Egidia Mecha, the 1st respondent’s Debt Recovery Officer, in a replying affidavit, deposed that the ruling dismissing the application for injunction cannot be stayed. The deponent gives a history of the matter at the High Court; that the applicant was advanced a loan facility by the 1st respondent with the suit property offered as security for the loan; that the account was non-performing prompting an exercise of statutory power of sale; that the applicant filed a suit at the High Court for orders including of an injunction which suit was compromised through a consent order by the parties; that the applicant failed to abide by the terms of that consent order and this precipitated the sale by public auction on 19th May, 2020 where the suit property was sold to the 2nd respondent; that the applicant approached the High Court through another suit which was found to be res judicata and was dismissed. It is denied that the sale was an undervaluation it being contended that a regular sale occurred where the 2nd respondent was the purchaser and had acquired rights to the suit property. The respondent says that it is a person of means capable of paying damages should it be found that it had acted irregularly in the sale, amongst so many other things said which are not necessary in an application like this one.
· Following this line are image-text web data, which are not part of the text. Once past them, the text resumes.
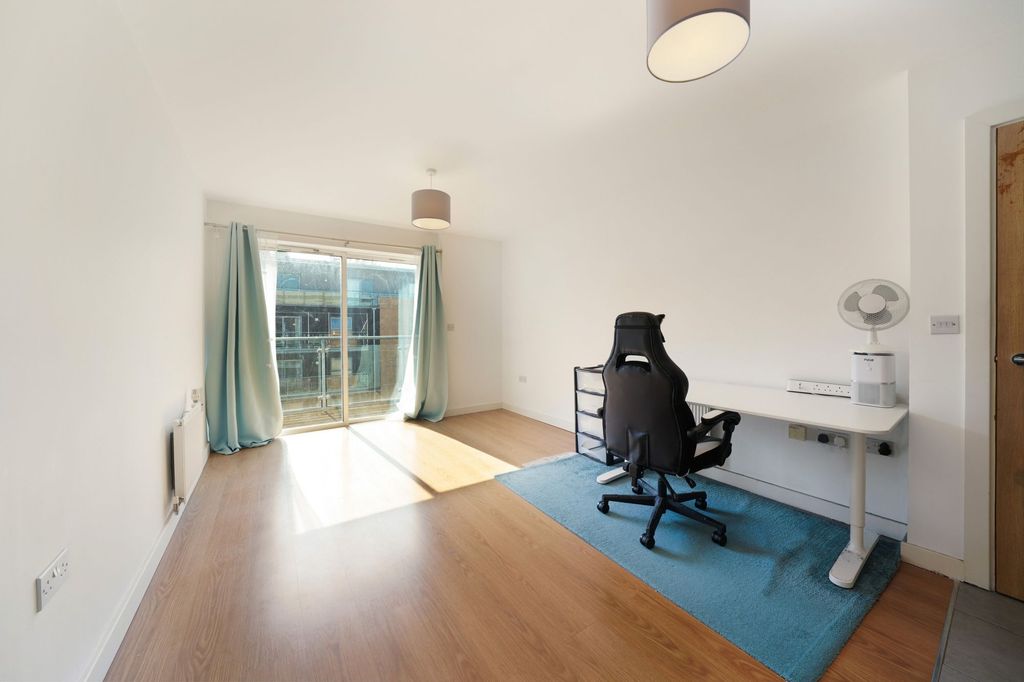 Property photo 2 of 7 Flat 16, Oak Lodge - 1O3P6c8Kqclk7Ydwgeb8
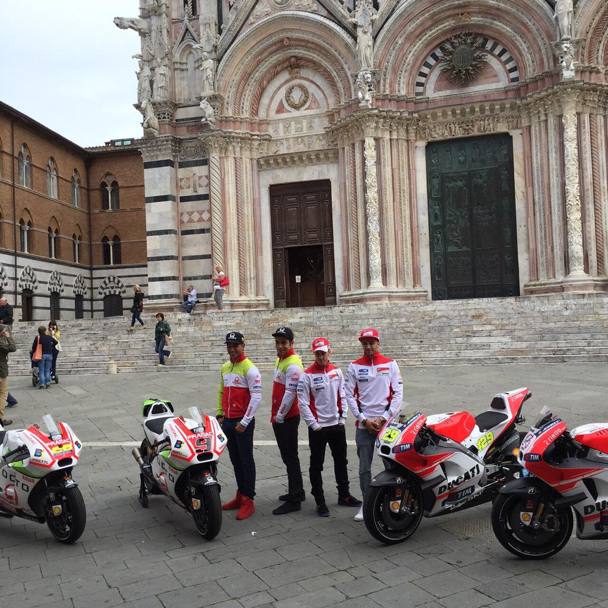 Le Ducati Pramac e ufficiali coi loro piloti davanti al Duomo di Siena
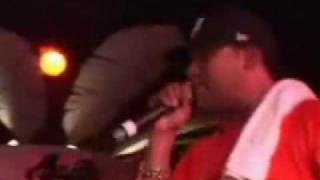 Don omar feat aventura ella y yo en vivo [upl. by Nnyled89]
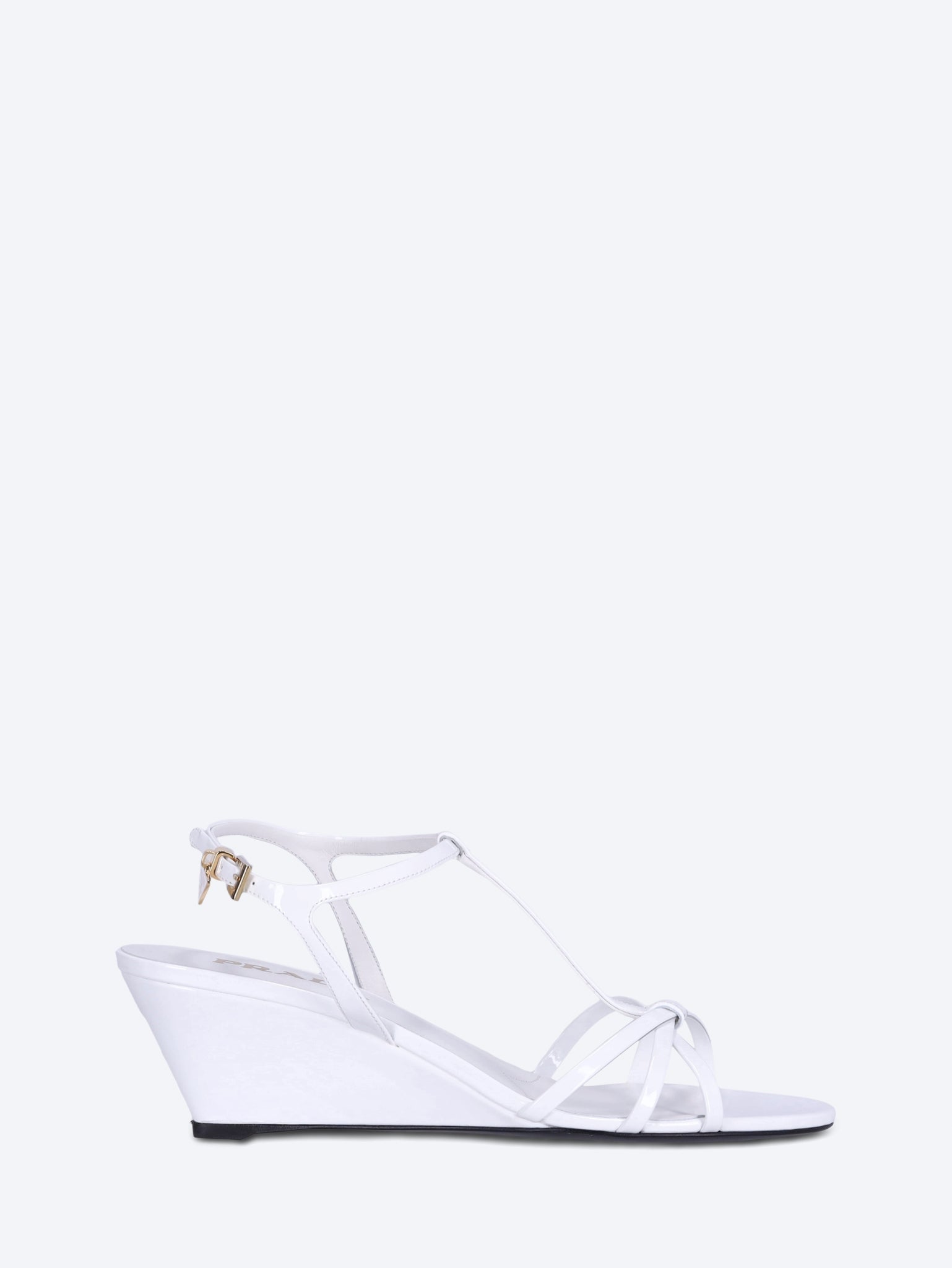 Sandalen aus Lackleder 1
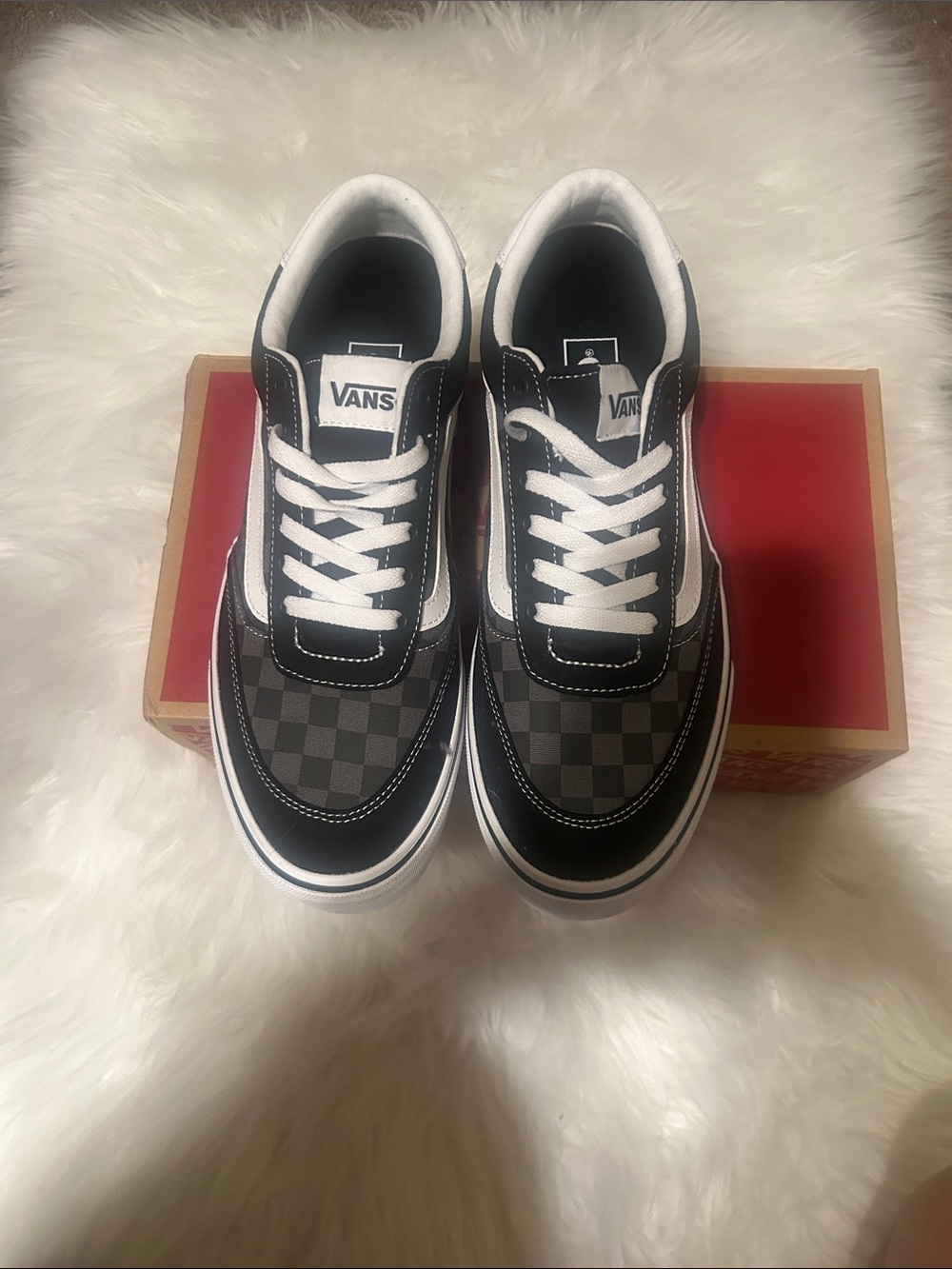 New in box Vans Men’s Black & Gray Checkerboard Old Skool Sneakers size 11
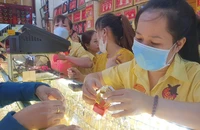 Giá vàng miếng SJC diễn biến lạ lùng 
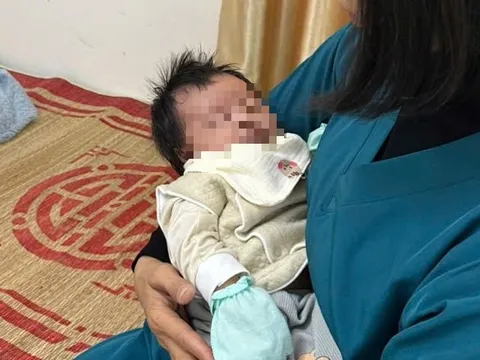 Đi tập thể dục, người phụ nữ bất ngờ phát hiện bé gái sơ sinh bụ bẫm nặng 5 kg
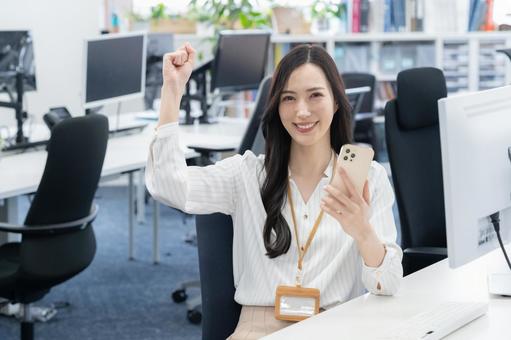 オフィスカジュアルの若い女性エンジニア オフィスカジュアルの若い女性エンジニア ビジネス,エンジニア,女性の写真素材
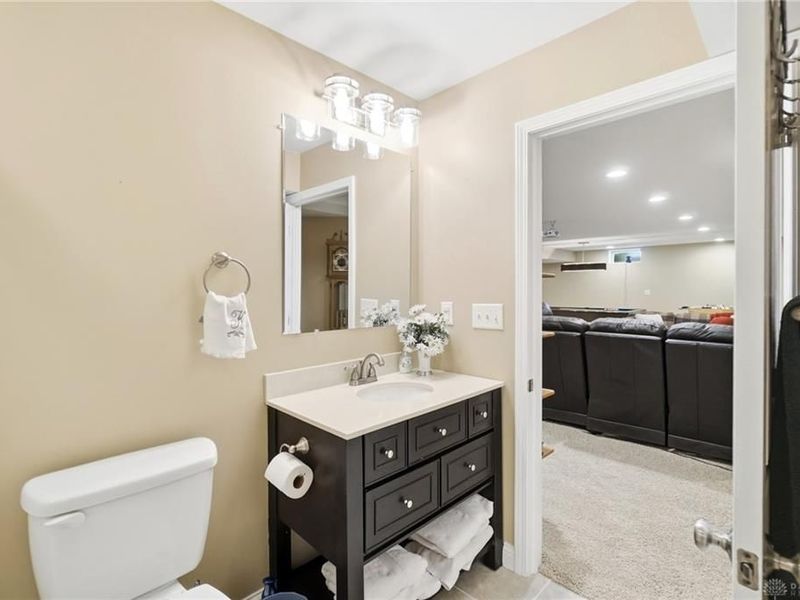 1584 Hawk Ridge Drive, Hamilton Township, OH 45039 Photo 55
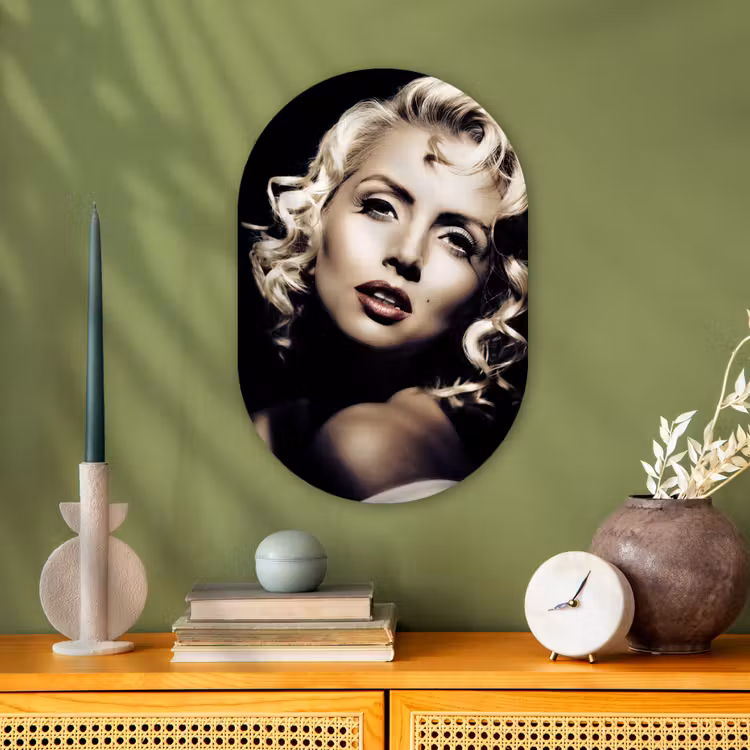 Muurovaal - Vrouw - Vintage - Lippenstift - Blond - Krullen — 1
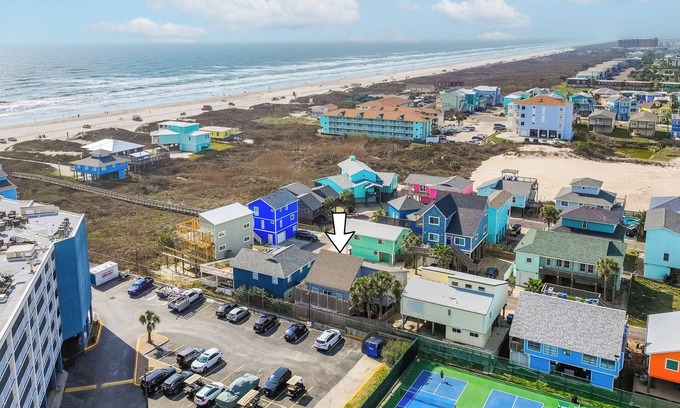 Port Aransas House | 100 yards to the water, private boardwalk. 6 seat gas golf cart included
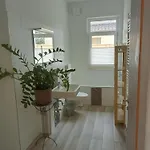 Apartamento Stadtgruen 1, Ruhiges Mit Terrasse Und Kostenlosem Parkplatz, Ideal Fuer Berlin-besucher *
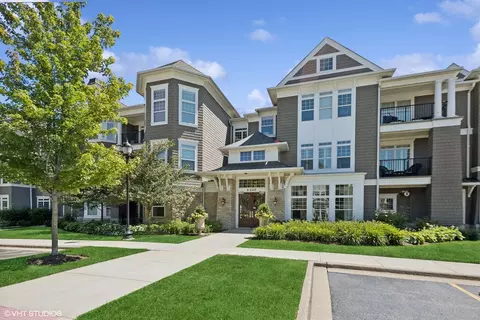 8 E Kennedy Ln #308, Hinsdale, IL 60521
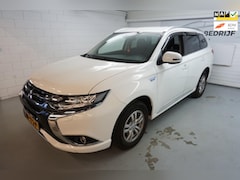 Mitsubishi Outlander - 2.0 PHEV Business Edition / NAVI / NAP / CAMERA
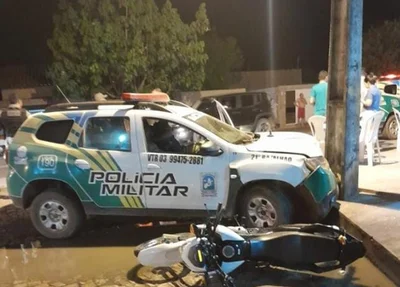 Viatura da Polícia Militar colide em poste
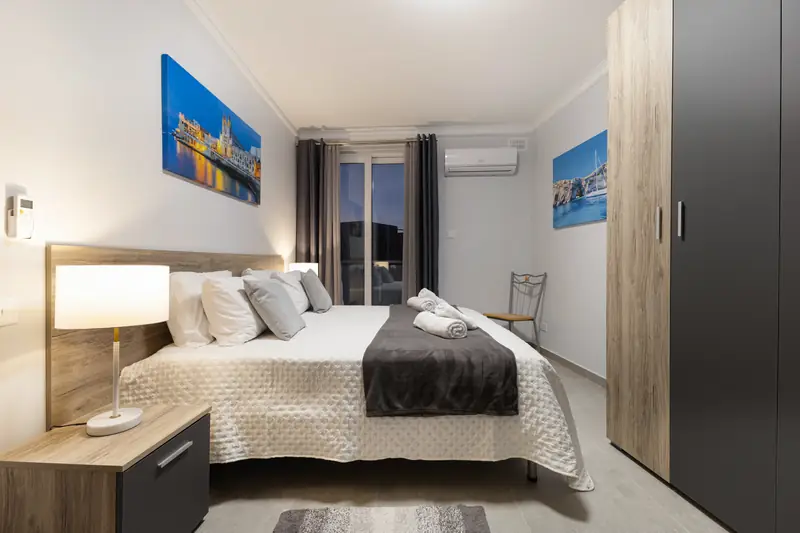 Double bedroom with artwork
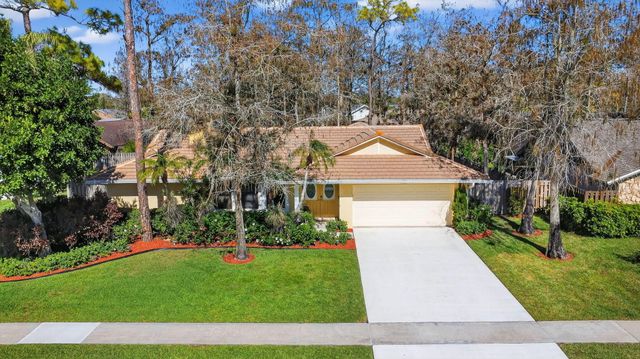 14059 Aster Avenue, Wellington, FL 33414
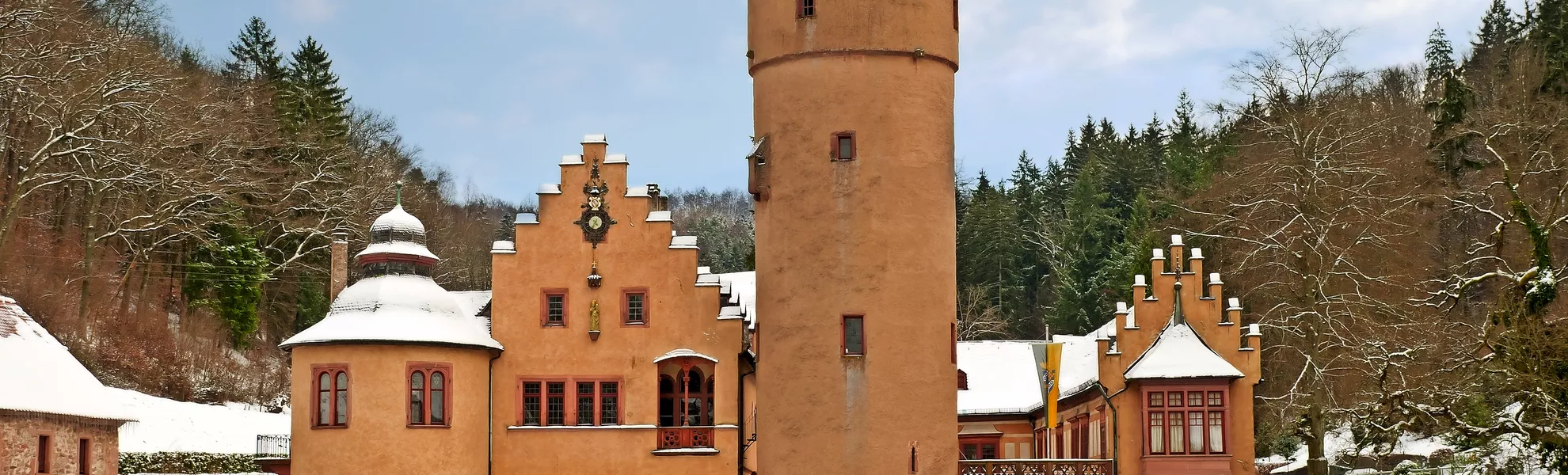 Schloss Mespelbrunn an einem herrlichen Wintertag - © mojolo - stock.adobe.com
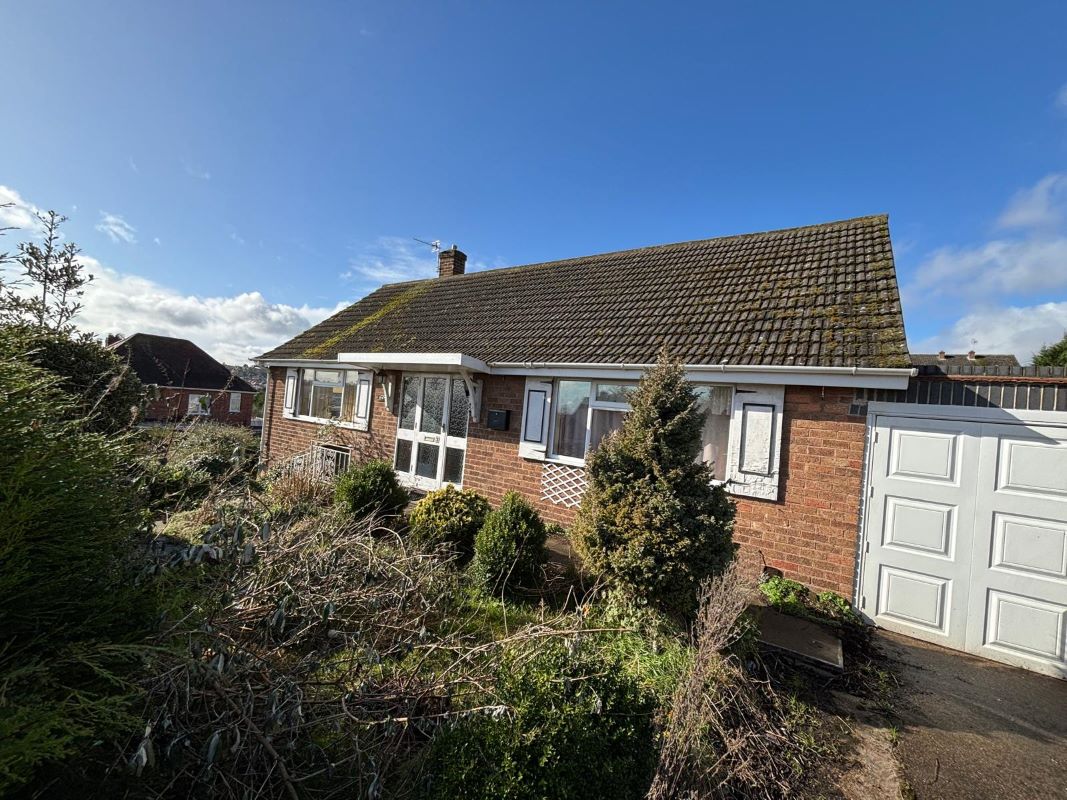 27 Cromford Avenue, Carlton, Nottingham, NG4 3RU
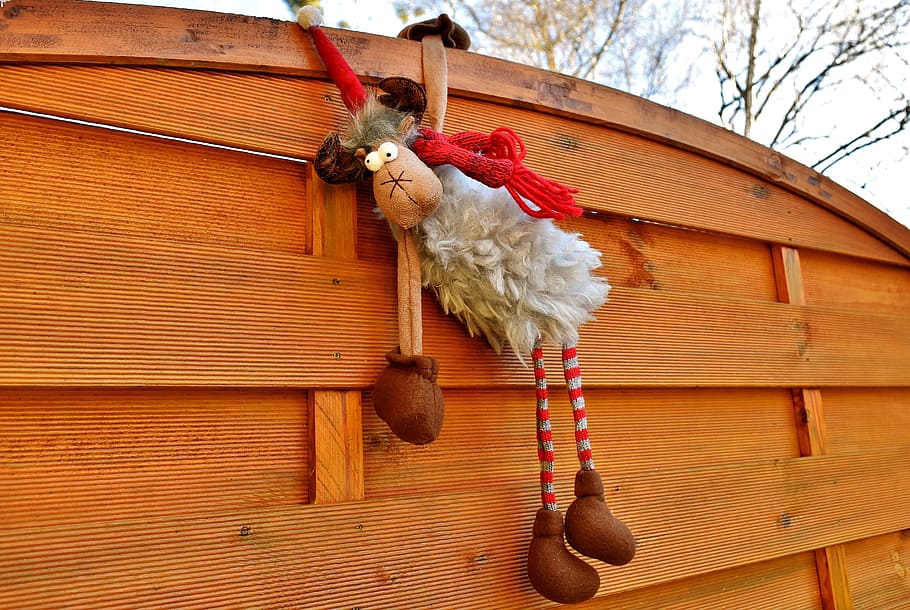 moose plush toy on wooden board, christmas, santa hat, depend HD wallpaper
The applicant and the 1st respondent filed written submissions and case digest which we have considered.
For an applicant to succeed in an application brought under rule 5 (2) (b) of the rules of this Court he must, firstly, demonstrate that the appeal, or intended appeal, is arguable, which is the same as saying that it is not frivolous. An applicant who succeeds on that first principle must, in addition, show that the appeal would be rendered nugatory absent stay – see a summary of these principles in the case of Stanley Kangethe Kinyanjui v Tony Ketter & 5 Others  eKLR.
The facts of the case are not difficult to follow.
The applicant was granted a loan facility by the 1st respondent and he offered as a security for the loan the suit property. When the loan went into arrears there was a threat by the 1st respondent that it would exercise statutory power and sell the property. The applicant filed a suit at the High Court asking for an injunction to restrain the 1st respondent from exercising that statutory power of sale. The suit was compromised by a consent where the parties agreed that the applicant would meet his obligations on servicing the loan in default of which the 1st respondent be at liberty to exercise that power of sale. The applicant did not meet his part of the bargain and the suit property was sold by public auction to the 2nd respondent on 19th May, 2020. In those circumstances
we cannot discern any arguable point in the intended appeal. Being of that view we need not go to the second limb of the principles that apply in an application of this nature.
The Motion dated 24th February, 2021 has no merit and is dismissed with costs to the 1st respondent.
Dated and delivered at Nairobi this 23rd day of July, 2021.
JUDGE OF APPEAL
JUDGE OF APPEAL
S. ole KANTAI
JUDGE OF APPEAL
I certify that this is a true copy of the original.